Demissão do primeiro-ministro não é garantia do fim da crise no Haiti
O Haiti prepara-se para um conselho presidencial de transição, após a renúncia do primeiro-ministro Ariel Henry, mas permanecem dúvidas sobre a melhoria da situação no país devastado pela violência de gangues.
© Reuters
Mundo Haiti
Um sinal de que a situação continua longe de estar estabilizada foi a decisão do Quénia, que suspendeu esta terça-feira o planeado envio de agentes policiais para o Haiti, no âmbito de uma missão internacional apoiada pela ONU.

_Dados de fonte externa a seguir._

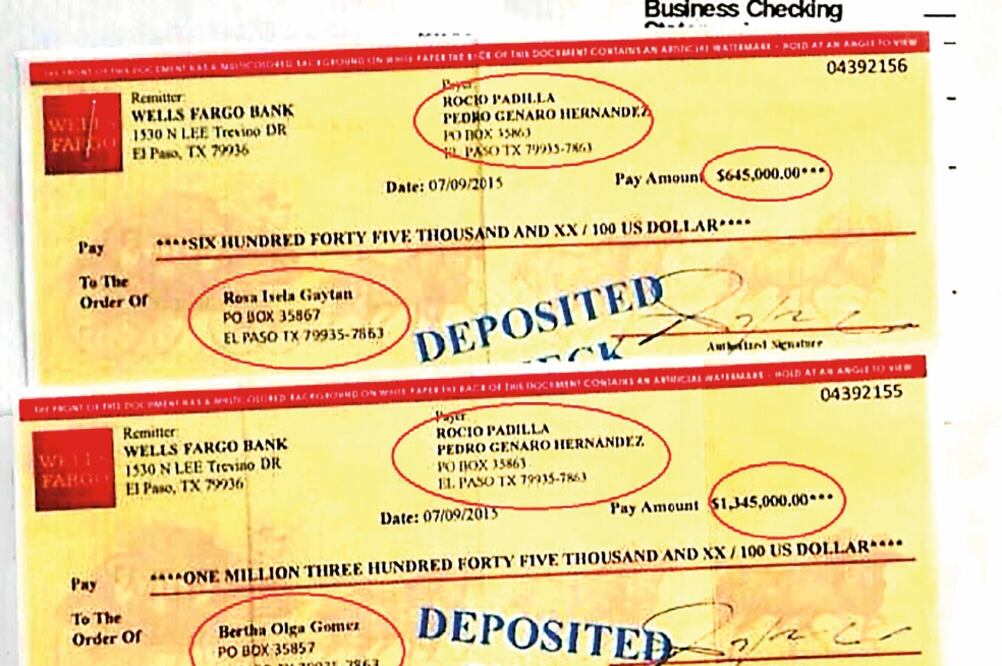 En las redes sociales circula la foto de los cheques girados a nombre de Bertha Olga Gómez y Rosa Isela Gaytán (ESPECIAL)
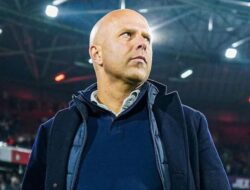 Transfer Alexander Isak: Arne Slot Hargai Eddie Howe, Liverpool Tetap Fokus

Ariel Henry, que não conseguiu regressar a casa depois de uma viagem ao Quénia, garantiu numa mensagem de vídeo na segunda-feira à noite que continuará a gerir os assuntos do dia-a-dia até que uma "transição do conselho presidencial" seja implementada.
O anúncio foi feito pela primeira vez pela Comunidade das Caraíbas (Caricom) durante uma reunião de emergência na Jamaica com representantes da ONU e dos Estados Unidos em particular, bem como membros de partidos políticos e da sociedade civil haitiana.
A ONU "espera fortemente" que o acordo ajude a acabar com a violência, mas "é muito difícil para nós prever" o que vai acontecer, referiu o porta-voz do secretário-geral da ONU, Stéphane Dujarric.
A União Europeia saudou "os progressos significativos" alcançados durante a reunião na Jamaica e considerou que "uma transição política viável, inclusiva e sustentável liderada pelos haitianos [era] a única opção para colocar o país no caminho da estabilidade".
Este conselho de transição presidencial deve "escolher e nomear rapidamente um primeiro-ministro interino", segundo a Caricom.
Uma das dúvidas é como irão reagir os gangues criminosos, que controlam cerca de 80% da capital.
O líder de um desses gangues armados, o ex-polícia Jimmy Chérizier, conhecido como "Barbecue", ameaçou recentemente uma "guerra civil" caso Ariel Henry não renunciasse.
Pouco antes do anúncio da saída do primeiro-ministro, "Barbecue" afirmou que não reconheceria um "governo formado pela Caricom ou outras organizações".
"Se a comunidade internacional continuar com a sua estratégia de entregar o poder a um pequeno grupo de políticos tradicionais, mergulhará o Haiti no caos", assegurou.
Na terça-feira, uma calma inquietante reinou em Porto Príncipe, apesar de serem ouvidos tiros em alguns bairros, segundo um correspondente da agência France-Presse (AFP) e moradores.
Sem Presidente, nem parlamento, pois o último chefe de Estado, Jovenel Moïse, foi assassinado em 2021, o Haiti não tem eleições desde 2016. Ariel Henry, nomeado por Jovenel Moïse, deveria ter deixado o cargo no início de fevereiro.
As gangues assumiram o controlo de áreas do país de 11,6 milhões de habitantes.
O ministro dos Negócios Estrangeiros de França anunciou esta terça-feira a retirada do seu "pessoal não essencial", depois de medida semelhante da UE no dia anterior.
Após meses de procrastinação, o Conselho de Segurança da ONU deu o seu acordo em outubro para enviar uma missão multinacional liderada pelo Quénia ao país.
Mas o governo queniano decidiu suspender o envio planeado dos seus agentes policiais, citando uma "mudança radical após o colapso total da lei e da ordem e a demissão do primeiro-ministro".
Washington respondeu imediatamente que não via razão para este adiamento.
O Haiti continua a ser o país mais pobre do continente americano.
O chefe do Programa Alimentar Mundial (PMA) no Haiti, Jean-Martin Bauer, alertou em comunicado esta terça-feira que o país está a passar por "uma das crises alimentares mais graves do mundo - 1,4 milhão de haitianos estão a dois dedos da fome".
Segundo a Organização Internacional para as Migrações, 362 mil pessoas estão atualmente deslocadas no Haiti, um número que aumentou 15% desde o início do ano.